Internal Metal Chassis
Singer Tradition 2282 Sewing Machine
The 2282 is classed as a lightweight entry model. You’d think lightweight would be a benefit and it is if you’re taking it to craft classes. However ‘lightweight’ usually means no internal chassis and lots of plastic parts. The consequence is lots of vibration and poor stitch quality. The 2282 has an internal metal frame, and weighs 7kg so it has enough stability and rigidity to produce decent stitch quality. Normally I’d advise anyone to avoid, avoid, avoid anything in this price bracket however, this machine punches well above it’s weight!
It offers 32 stitch options, and has adjustable stitch length and width. This is a feature not often available in this class. Multiple needle positions make inserting zips easy. These are selected by turning the stitch width dial which causes the needle to swing to the left. There’s also a pull-down needle-threader. A useful tool if you’ve not tried one before. The utility stitches include straight, zig-zag, tricot, blind hem, a variety of stretch stitches, overlock and rolled hem. The 2282 also offers a small range of decorative stitches such as a pretty scallop and a herringbone.

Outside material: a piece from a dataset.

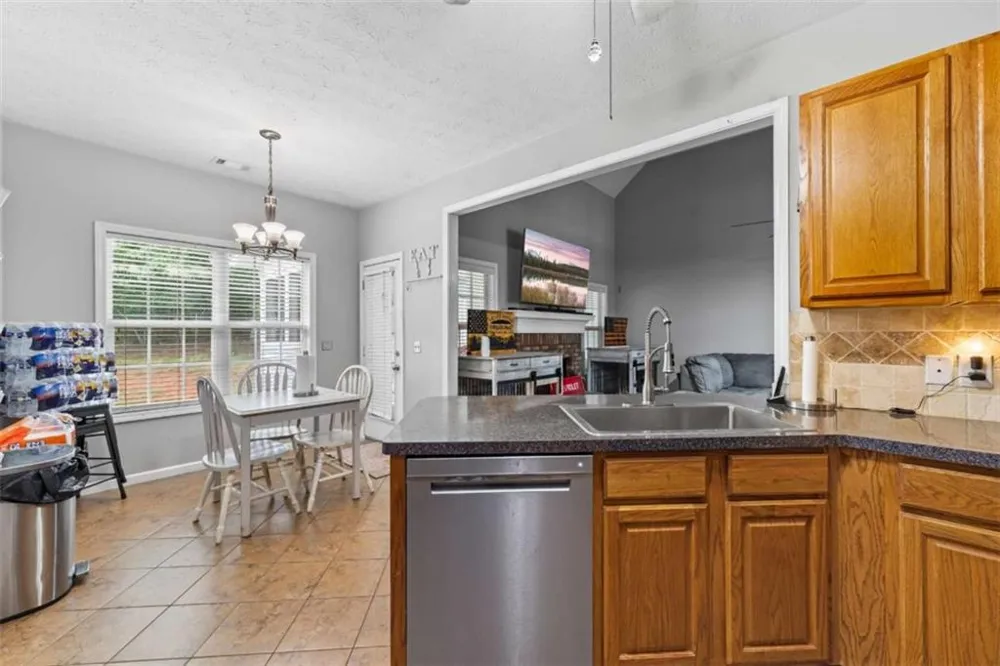 238 Apple Valley Road Commerce, GA 30529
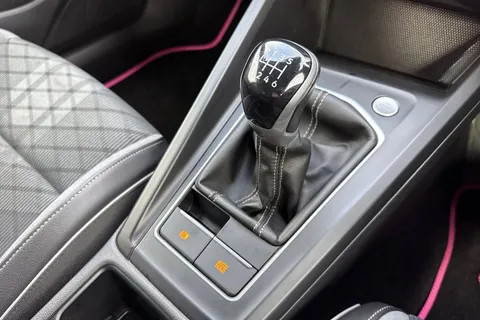 23 of 46 for Volkswagen Golf 1.5 TSI R-Line Euro 6 (s/s) 5dr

Fully Automatic Buttonhole
Other features include a one-step fully automatic buttonhole. If this sounds like gobbledy-gook to you at the moment, believe me it’s an advantage over a four-step semi-automatic buttonhole. In this situation, you have to measure the buttonhole size manually, and select the appropriate control. With a fully-automatic model, you simply pop the button into the specially-shaped buttonhole foot, and the machine will stitch the buttonhole to the exact length necessary. It will also oblige by sewing on the button for you too. Easy if you attach the special horseshoe-shaped foot which is also included. Genius! It will cope with light to mediumweight fabrics.

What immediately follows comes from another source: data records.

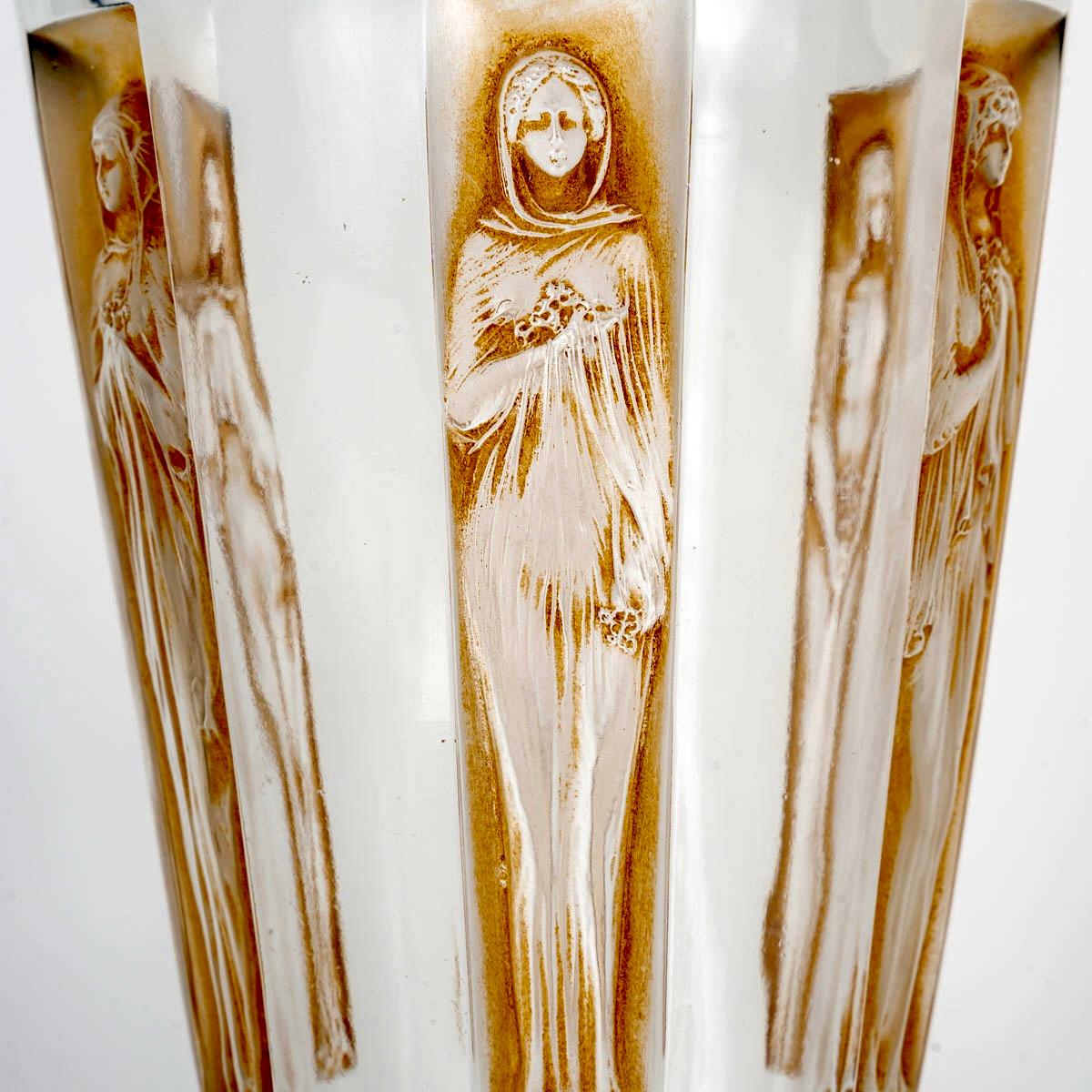 French 1912 René Lalique - Vase Six Figurines Glass With Sepia Patina For Sale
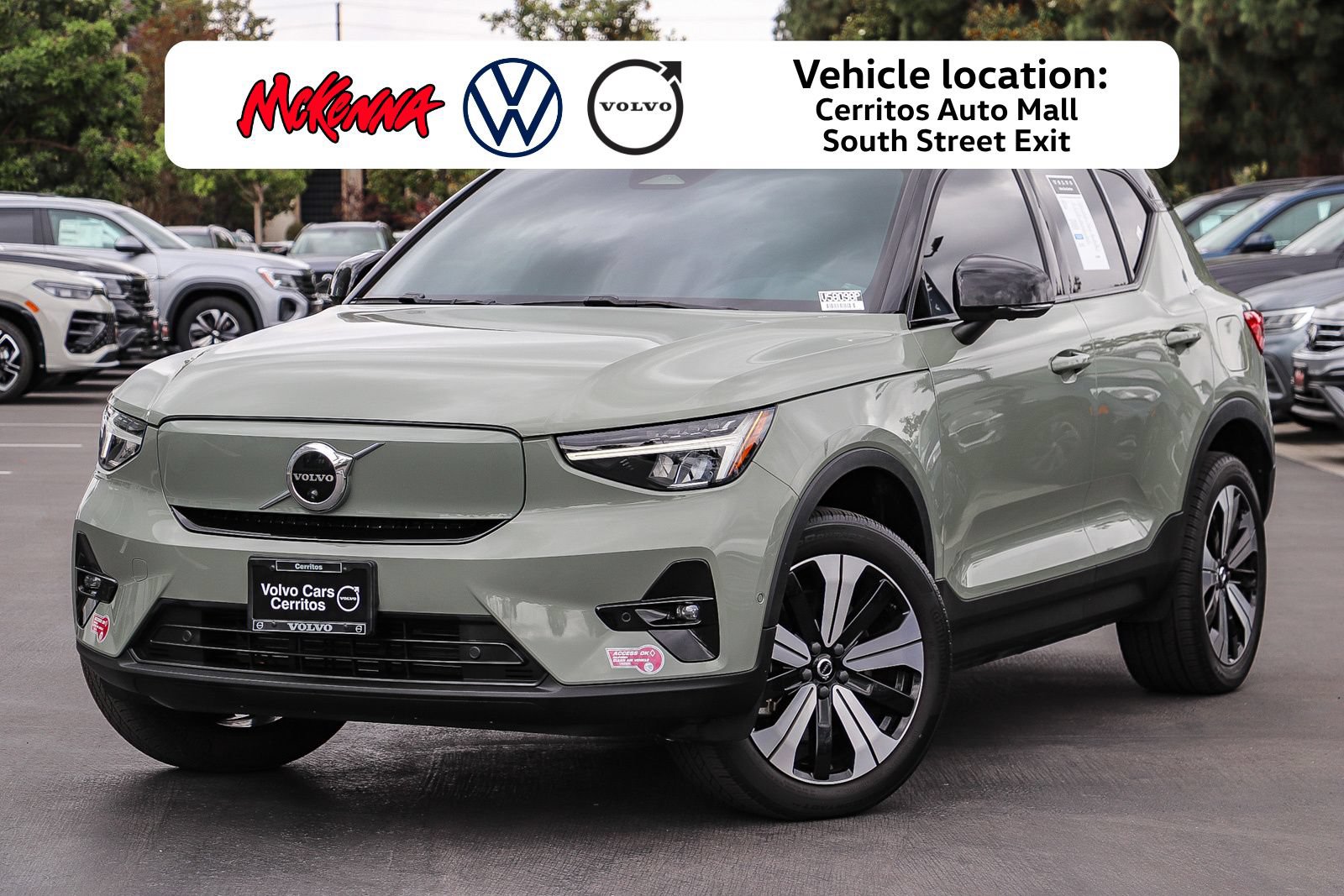 Used 2023 Volvo XC40 Recharge Plus AWD/4WD image 1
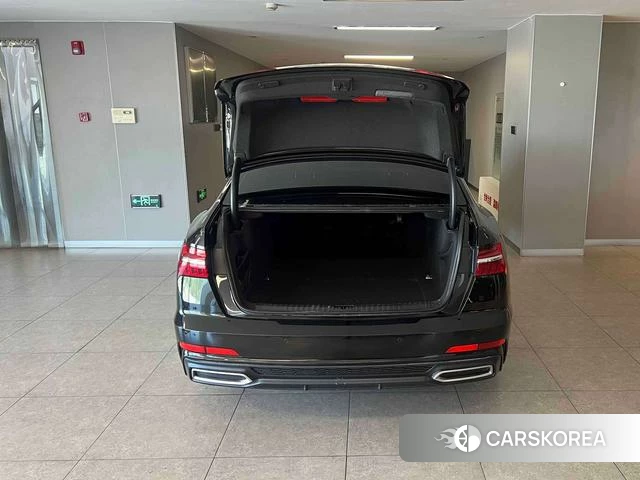 Audi A6L id 4301092 из Китая 19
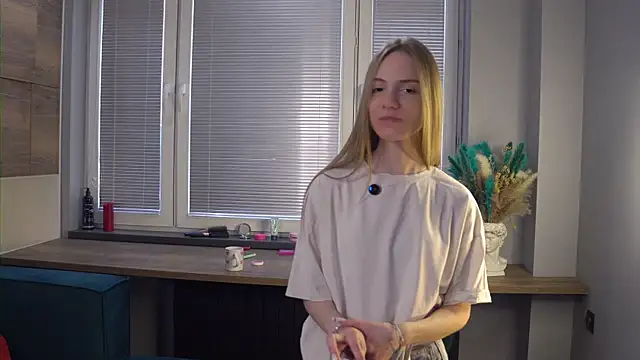 FranciscaGaring's cam snapshot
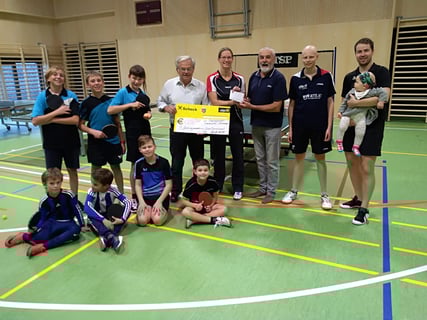 Reinhard Graf und Helmut Faltinger überreichten den Scheck an Nachwuchsleiterin Martina Wilder während eines Nachwuchstraining.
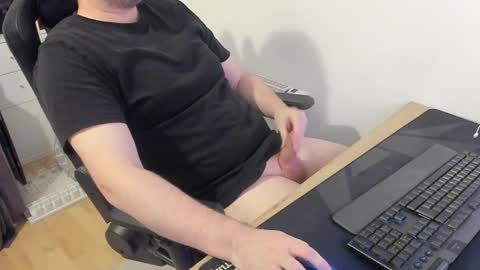 thommy2008 online show from 12-22-25, 03:20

The 2282 has a front-loading bobbin which are much loved by those who practice free-motion embroider. But, unfortunately, you aren’t able to lower the feed dogs. Instead, it is supplied with a darning plate to cover them. However, free-motion embroidery requires a strong motor. I’m not sure that this machine would cope with running at the high speed and long duration required. If you want to do free-motion work, then you’re going to be past the entry-level stage anyway and will likely have moved on to a Bernina, Pfaff or Husqvarna!

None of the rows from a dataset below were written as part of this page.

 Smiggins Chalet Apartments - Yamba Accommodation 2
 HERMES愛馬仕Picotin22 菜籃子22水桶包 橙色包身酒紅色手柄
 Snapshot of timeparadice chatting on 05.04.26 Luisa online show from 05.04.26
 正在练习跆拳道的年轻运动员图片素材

Let’s not beat around the bush: this is not the Rolls Royce of sewing machines. Singer do not make the quality of machines they used to 40 years ago and £80 is not a lot of money when we’re talking about sewing machines. It can be a bit ‘clunky’ and ‘whine-y’ but less-so than its rivals. Others at this price point include the Brother LS14 or LS17 , Singer 1507 (Around £99), and Singer Promise (£89) but the Tradition 2282 beats them all hands-down. It holds its tension settings and is less prone to jamming than its sub-£100 counterparts. Keen hobbyists will soon move on to something more advanced, but for a beginner, a young person or the occasional ‘hem-taker-upper’ the Singer Tradition 2282 sewing machine is a very good purchase.